Last week I was sitting in my stylist’s chair, struggling to make small talk while she worked her magic on my hair. Thanksgiving was an obvious choice of topic, and I asked her what she would be doing. She told me she usually cooks for her extended family, but this year she had decided they would eat out so that she could start shopping when the stores opened at 5 PM. She elaborated, telling me that Black Friday is a tradition for her and her girlfriends who literally “shop ‘till they drop” from Thursday afternoon until Friday evening. 26 glorious hours of filling bags, trekking to the car and going back for more, more, more. More what? “You should see my girls’ lists! What don’t they want?”
The check-out clerk at Walmart told me she was working 2pm-11pm Thanksgiving Day. They don’t close lest the people arrive in droves and inadvertently trample someone on the way to the greatest buy. I asked her when she would celebrate Thanksgiving. She shrugged and said she wouldn’t but that her mother and brother would be celebrating. At the grocery store, I overheard a manager tell a customer, “We’re only open until 5pm on Thanksgiving. I’ll be out of here by 5:30 and maybe get a few leftovers.”

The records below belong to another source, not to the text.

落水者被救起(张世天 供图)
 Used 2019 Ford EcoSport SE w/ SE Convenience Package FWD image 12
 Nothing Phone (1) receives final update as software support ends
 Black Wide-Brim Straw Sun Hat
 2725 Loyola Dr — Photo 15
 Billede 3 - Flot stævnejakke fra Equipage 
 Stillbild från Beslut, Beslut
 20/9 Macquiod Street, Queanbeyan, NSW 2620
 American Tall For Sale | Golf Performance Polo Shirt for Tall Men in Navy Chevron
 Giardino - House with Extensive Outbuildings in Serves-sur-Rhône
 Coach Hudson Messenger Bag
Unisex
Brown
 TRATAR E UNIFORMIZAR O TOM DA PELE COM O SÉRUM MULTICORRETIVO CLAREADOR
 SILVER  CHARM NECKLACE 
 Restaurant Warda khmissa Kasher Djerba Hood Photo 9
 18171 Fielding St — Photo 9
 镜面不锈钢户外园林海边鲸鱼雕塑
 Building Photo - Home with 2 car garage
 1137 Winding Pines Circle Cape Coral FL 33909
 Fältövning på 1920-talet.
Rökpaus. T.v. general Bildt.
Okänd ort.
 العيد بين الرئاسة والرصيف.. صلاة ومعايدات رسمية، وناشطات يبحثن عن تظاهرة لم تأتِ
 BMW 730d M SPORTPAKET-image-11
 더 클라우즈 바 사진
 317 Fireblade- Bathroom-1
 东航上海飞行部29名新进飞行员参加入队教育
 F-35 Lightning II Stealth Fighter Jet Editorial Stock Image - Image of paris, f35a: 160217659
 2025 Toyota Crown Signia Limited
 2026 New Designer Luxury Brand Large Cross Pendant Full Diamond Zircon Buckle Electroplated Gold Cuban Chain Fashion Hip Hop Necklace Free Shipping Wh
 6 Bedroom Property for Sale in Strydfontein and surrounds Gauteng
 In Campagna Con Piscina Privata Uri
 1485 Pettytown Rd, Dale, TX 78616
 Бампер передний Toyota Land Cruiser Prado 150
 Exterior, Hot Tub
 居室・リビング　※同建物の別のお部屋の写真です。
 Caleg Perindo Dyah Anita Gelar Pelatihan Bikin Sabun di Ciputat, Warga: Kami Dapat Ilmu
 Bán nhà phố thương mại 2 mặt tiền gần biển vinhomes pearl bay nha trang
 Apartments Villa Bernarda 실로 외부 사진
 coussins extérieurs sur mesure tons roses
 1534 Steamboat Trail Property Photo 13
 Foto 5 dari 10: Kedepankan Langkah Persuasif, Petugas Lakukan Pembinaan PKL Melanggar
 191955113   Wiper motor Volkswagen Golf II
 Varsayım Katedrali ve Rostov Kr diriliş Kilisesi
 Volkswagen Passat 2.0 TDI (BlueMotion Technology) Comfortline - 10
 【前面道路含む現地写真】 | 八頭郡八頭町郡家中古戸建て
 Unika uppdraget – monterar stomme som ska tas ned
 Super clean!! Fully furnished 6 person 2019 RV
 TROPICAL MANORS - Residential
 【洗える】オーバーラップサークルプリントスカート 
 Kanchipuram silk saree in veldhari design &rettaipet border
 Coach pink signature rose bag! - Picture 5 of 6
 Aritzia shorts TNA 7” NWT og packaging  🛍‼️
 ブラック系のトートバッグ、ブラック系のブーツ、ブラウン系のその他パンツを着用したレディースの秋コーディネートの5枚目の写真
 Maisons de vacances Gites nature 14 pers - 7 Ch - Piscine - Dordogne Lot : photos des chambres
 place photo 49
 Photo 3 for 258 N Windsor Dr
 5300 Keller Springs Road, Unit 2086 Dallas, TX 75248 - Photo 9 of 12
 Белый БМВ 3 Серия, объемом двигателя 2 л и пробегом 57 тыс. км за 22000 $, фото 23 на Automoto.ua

My fellow Americans—WHAT IS GOING ON?
I have two concerns about all of this.
First, it is extremely un-American. Thanksgiving is our holiday, rooted in our nation’s infancy. It is an important part of our history. We should embrace it. One day of the year, set aside to give thanks and celebrate our tremendous blessings as a nation is, in the balance, the very least we can do. And yet, we aren’t doing it. Instead, we are rushing through and past the gratitude to the “more, more, more” that marks the celebration of Christmas.
Which is my second point. If you were the devil trying to distract the world from focusing on the poor, newborn babe in the manger, how would you do it? Rampant materialism might be a good place to start. The central message of Christmas is that God gave the world His best gift. His son, Jesus, is literally all we need. We do not need “door busters” regardless of the price. And yet, how many people will rush away from the good things in life today like good friends, family and the comforts of home in search of deals that will someday be so much junk in a landfill?
I saw an interesting sign recently: “If you woke up today with only the things you thanked God for yesterday, what would you have?” My honest answer? Not much. Which is why I need this holiday.